#### [TASK PROMPT]
Everything from the line containing "M.LUXE LAWN - Aqua blue" to the last line of the material below must be retyped exactly, both ends included; skip the pictures.

#### [EXERCISE MATERIAL]

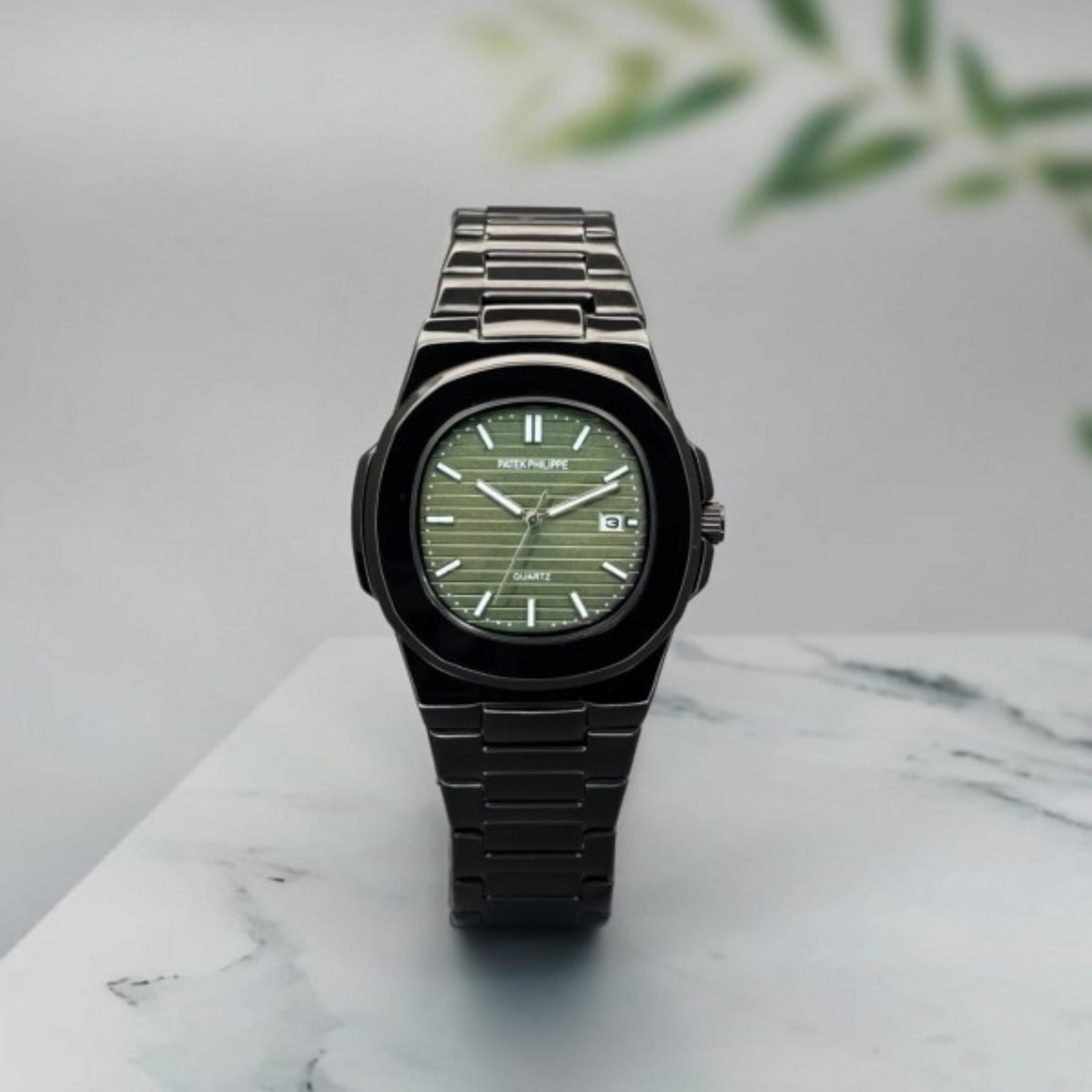 CLASSIC DESIGN ANALOG WATCH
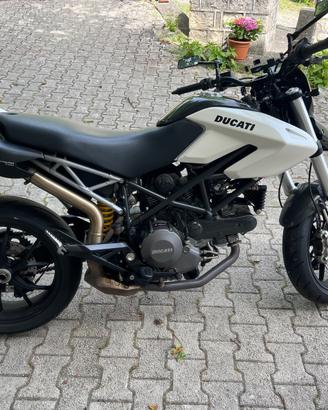 Ducati Hypermotard 796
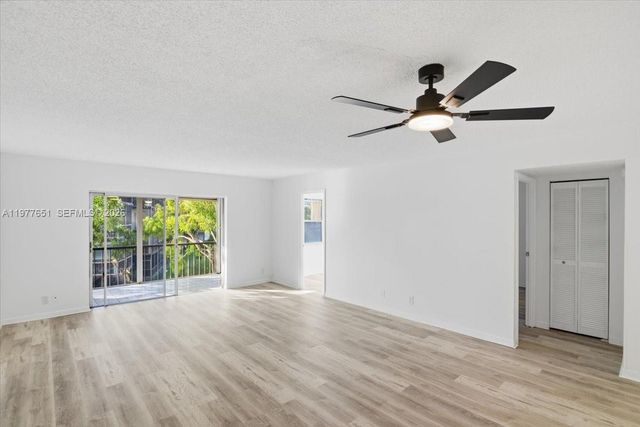 6101 N Falls Cir Dr A309, Lauderhill, FL 33319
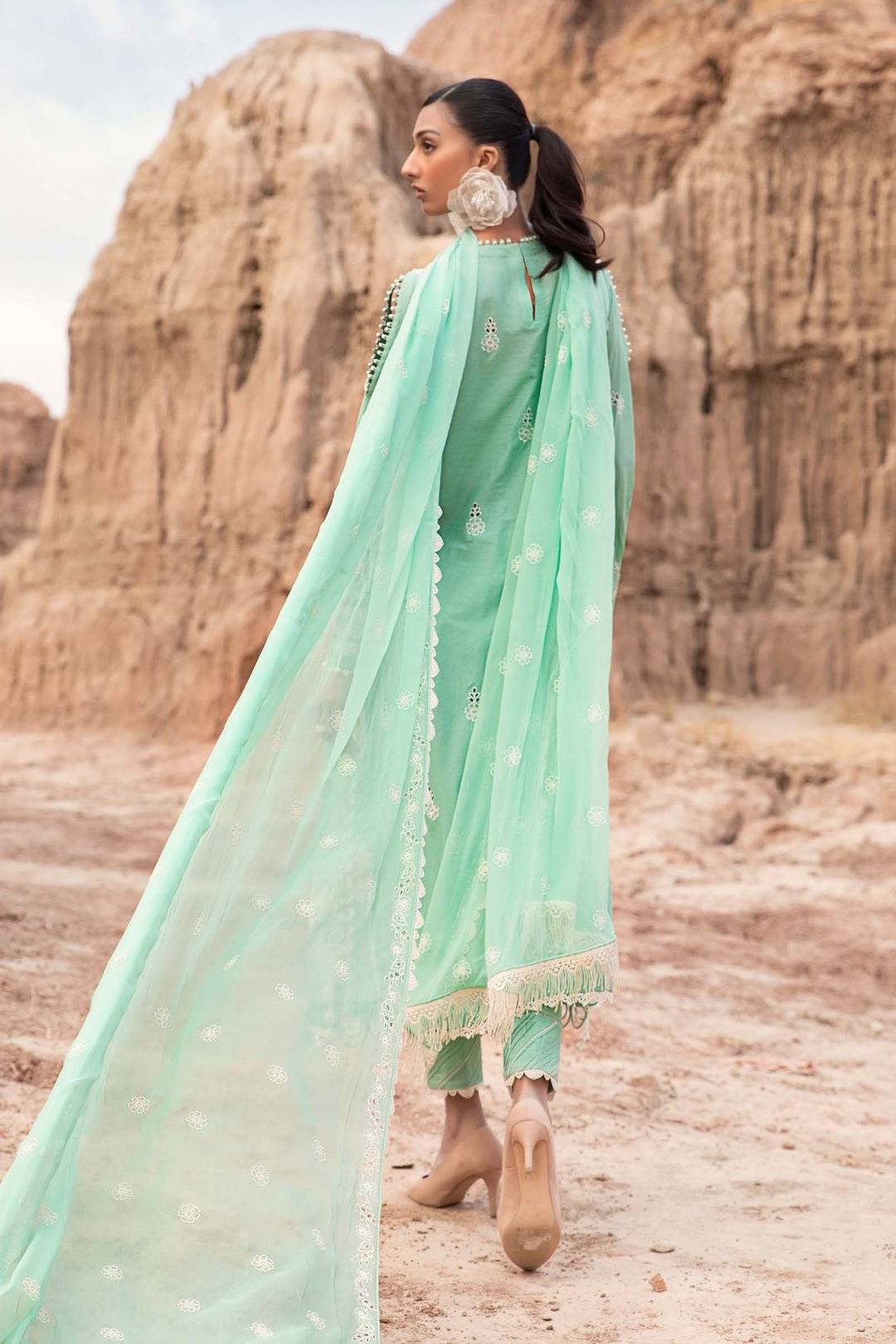 M.LUXE LAWN - Aqua blue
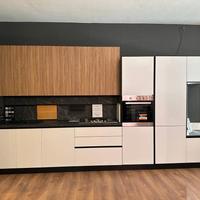 Cucina lineare da EXPO - Elettrodomestici ARISTON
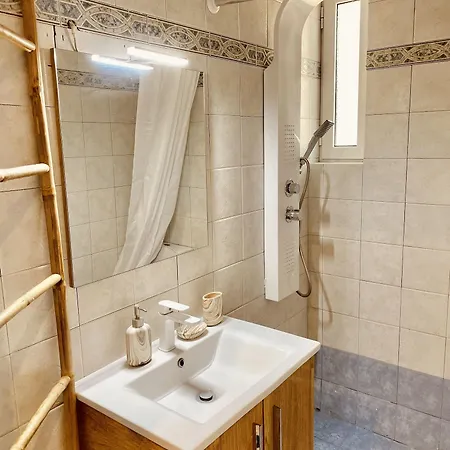Sunny Place Porto Heli Hotel 2*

#### [FINISHED TASK]
 M.LUXE LAWN - Aqua blue
 Cucina lineare da EXPO - Elettrodomestici ARISTON
Sunny Place Porto Heli Hotel 2*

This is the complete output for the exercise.